Rasanya
kosong pikiran gue saat hari pertama berhenti jadi penyiar. Gue bingung harus
melakukan kegiatan apa. Semuanya jadi berasa aneh. Biasanya setiap hari gue
bakal bela-belain bangun pagi untuk berangkat siaran. Sekarang gue sudah tidak
punya semangat sehebat itu. Sisi produktivitas gue menurun drastis, gue
terancam menopause dini.
Serem.
Berhenti
jadi penyiar memang sudah menjadi keputusan yang dipikirkan matang-matang sejak
dulu. FYI, gue berhenti karena
inisiatif sendiri bukan karena diberhentikan. Maaf... gini-gini gue karyawan
teladan yang bertanggung jawab, penuh dedikasi, totalitas, suci dalam pikiran,
perkataan, dan perbuatan.
Dasa Dharma Pramuka kali ah!
Keputusan
untuk berhenti menjadi penyiar memang cukup dilematis buat gue. Di satu sisi
gue nyaman dengan pekerjaan ini, tapi di sisi lain gue gak bisa terus-terusan
bekerja di sebuah tempat yang gak sesuai dengan latar belakang pendidikan gue.

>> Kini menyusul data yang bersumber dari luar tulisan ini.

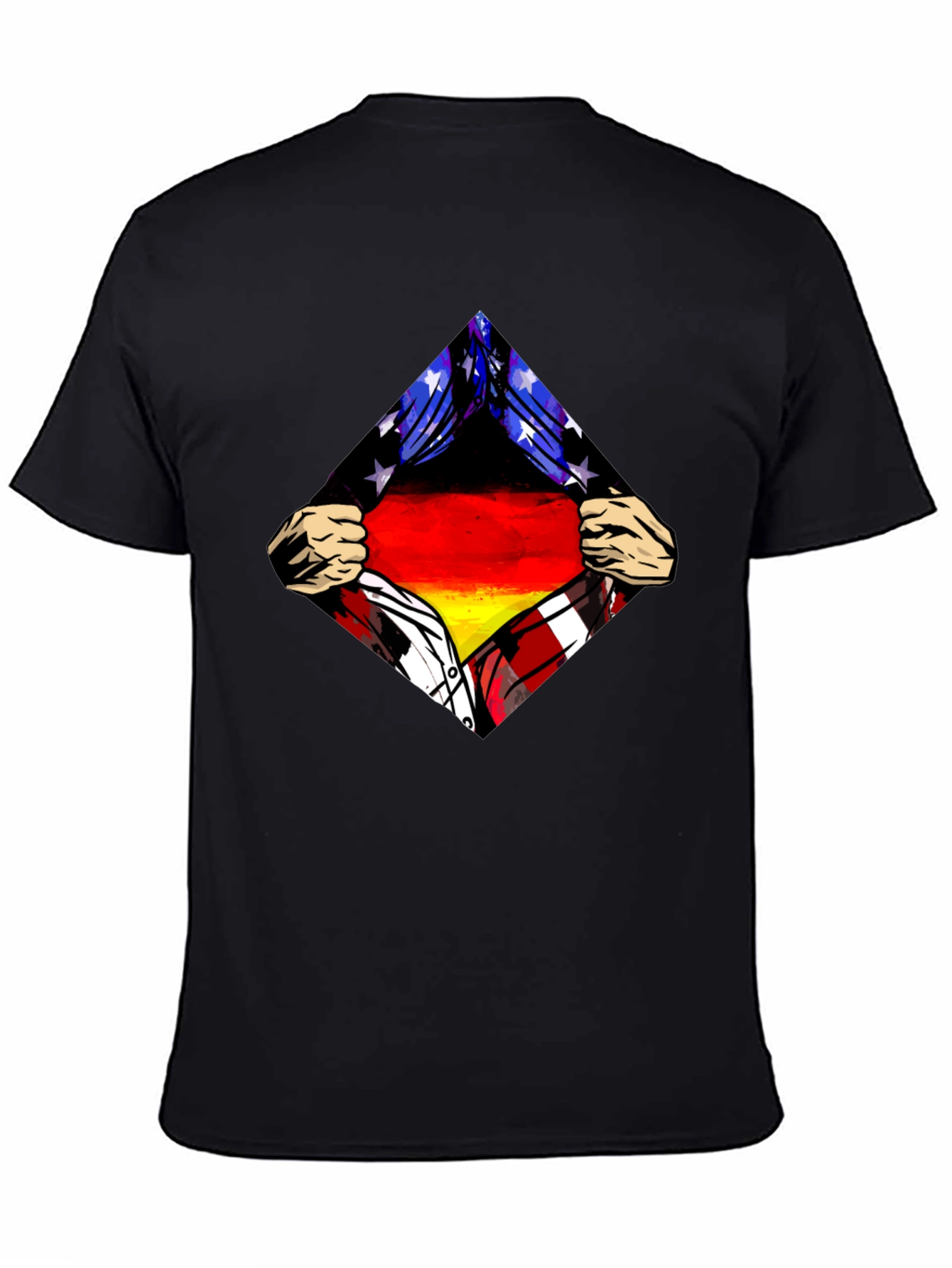 German Flag T-Shirt Patriotic Design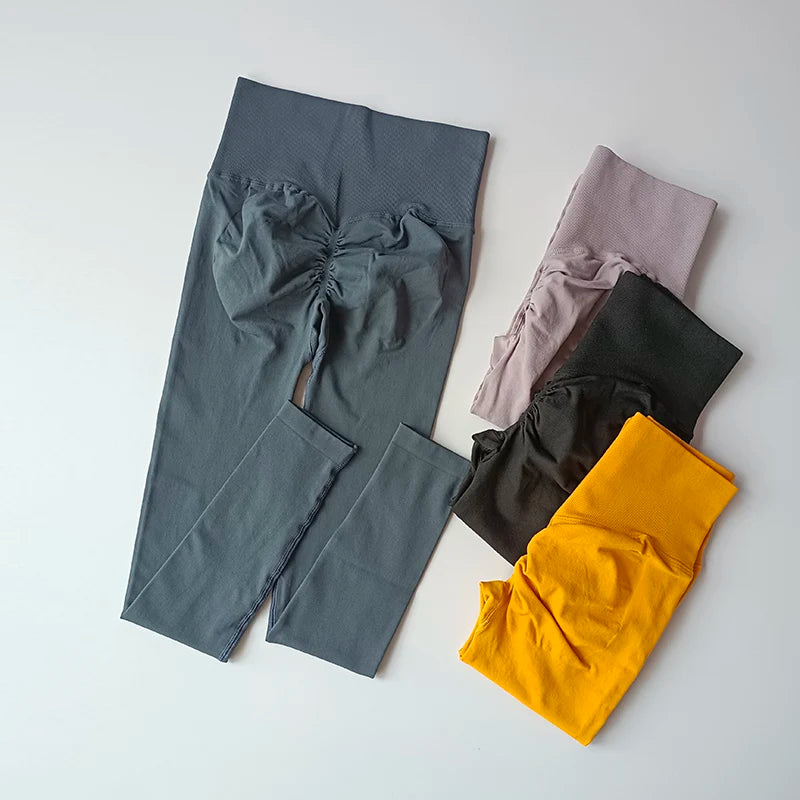Seamless Push Up High Waist Leggings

Beberapa rekan kerja di kantor pun mencoba membujuk gue. "Coba deh pikirin
baik-baik lagi, Yon. Jangan sampai keputusan yang lu ambil sekarang, bakal
bikin lu menyesal kemudian."
"Kayaknya
keputusan gue udah bulat deh," jawab gue dengan masih agak sedikit ragu.
"Lu
yakin, Yon? Lu mau berhenti jadi penyiar? Coba deh pikirin baik-baik lagi."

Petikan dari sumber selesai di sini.